Re: [PATCH] arm64/numa: Add more vetting in numa_set_distance()

From: Will Deacon
Date: Thu Nov 01 2018 - 07:27:38 EST


[ Nit: Please wrap your lines when replying -- I've done it for you here ]

On Tue, Oct 30, 2018 at 08:16:21AM +0530, Anshuman Khandual wrote:
> On 10/29/2018 08:14 PM, John Garry wrote:
> >>>>>  I think we should either factor out the sanity check
> >>>>>> into a core helper or make the core code robust to these funny configurations.
> >>>>>
> >>>>> OK, so to me it would make sense to factor out a sanity check into a core
> >>>>> helper.
> >>>>
> >>>> That, or have the OF code perform the same validation that slit_valid() is
> >>>> doing for ACPI. I'm just trying to avoid other architectures running into
> >>>> this problem down the line.
> >>>>
> >>>
> >>> Right, OF code should do this validation job if ACPI is doing it
> >>> (especially since the DT bindings actually specify the distance
> >>> rules), and not rely on the arch NUMA code to accept/reject
> >>> numa_set_distance() combinations.
> >>
> >> I would say this particular condition checking still falls under arch NUMA init
> >> code sanity check like other basic tests what numa_set_distance() currently does
> >> already but it should not be a necessity for the OF driver to check these.
> >
> > The checks in the arch NUMA code mean that invalid inter-node distance
> > combinations are ignored.
>
> Right and should not this new test (from != to && distance == LOCAL_DISTANCE) be
> one of them as well ? numa_set_distance() updates the table or just throws some
> warnings while skipping entries it deems invalid. It would be okay to have this
> new check there in addition to others like this patch suggests.

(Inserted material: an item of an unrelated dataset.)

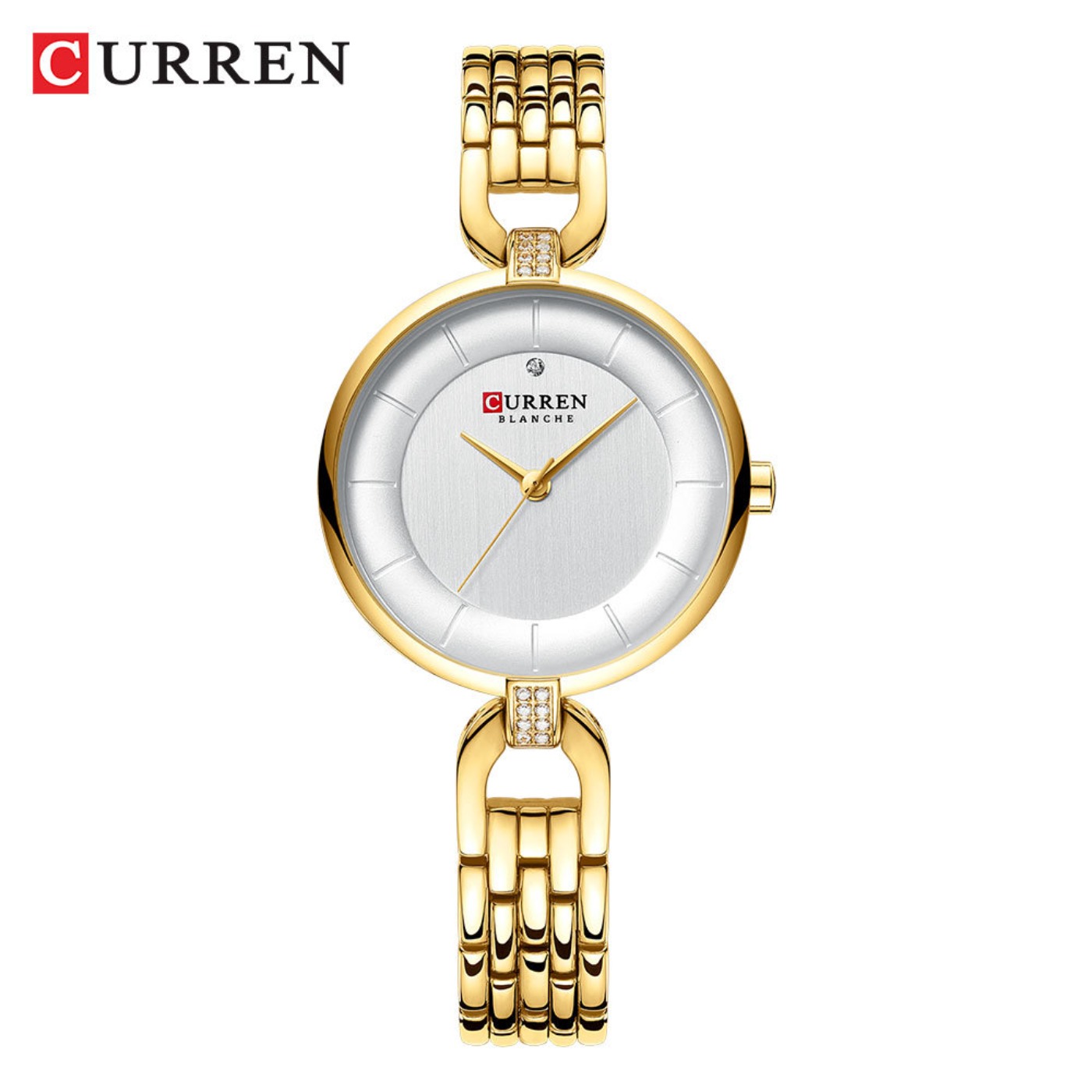 Women Watch CURREN Luxury Bran - Ladies Fashion Watch review and price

If we're changing numa_set_distance(), I'd actually be inclined to do the
opposite of what you're suggesting and move as much of this boilerplate
checking into the core code. Perhaps we could add something like
check_fw_numa_topology() and have both ACPI and OF call that so that the
arch doesn't need to worry about malformed tables at all.

> > However, if any entries in the table are invalid, then the whole table
> > can be discarded as none of it can be believed, i.e. it's better to
> > validate the table.
> >
>
> Agreed. slit_valid() on the ACPI parsing is currently enforcing that before
> acpi_numa_slit_init() which would call into numa_set_distance(). Hence arch
> NUMA code numa_set_distance() never had the opportunity to do the sanity
> checks as ACPI slit_valid() has completely invalidated the table.
>
> Unlike ACPI path, of_numa_parse_distance_map_v1() does not do any sanity
> checks on the distance values parse from the "distance-matrix" property
> and all the checks directly falls on numa_set_distance(). This needs to
> be fixed in line with ACPI
>
> * If (to == from) ---> distance = LOCAL_DISTANCE
> * If (to != from) ---> distance > LOCAL_DISTANCE
>
> At the same time its okay to just enhance numa_set_distance() test coverage
> to include this new test. If we would have trusted firmware parsing all the
> way, existing basic checks about node range, distance stuff should not have
> been there in numa_set_distance(). Hence IMHO even if we fix the OF driver
> part, we should include this new check there as well.

I don't see what we gain by duplicating the check. In fact, it has a few
downsides:

(1) It confuses the semantics of the API, because it is no longer clear
who "owns" the check

(2) It duplicates code in each architecture

(3) Some clever-cloggs will remove at least some of the duplication in
future

I'm not willing to accept the check in the arm64 code if we update the
OF code.

I think the way forward here is for John to fix the crash he reported by
adding the check to the OF code. If somebody wants to follow up with
subsequent patches to move more of the checking out of the arch code, then
we can review that as a separate series.

Will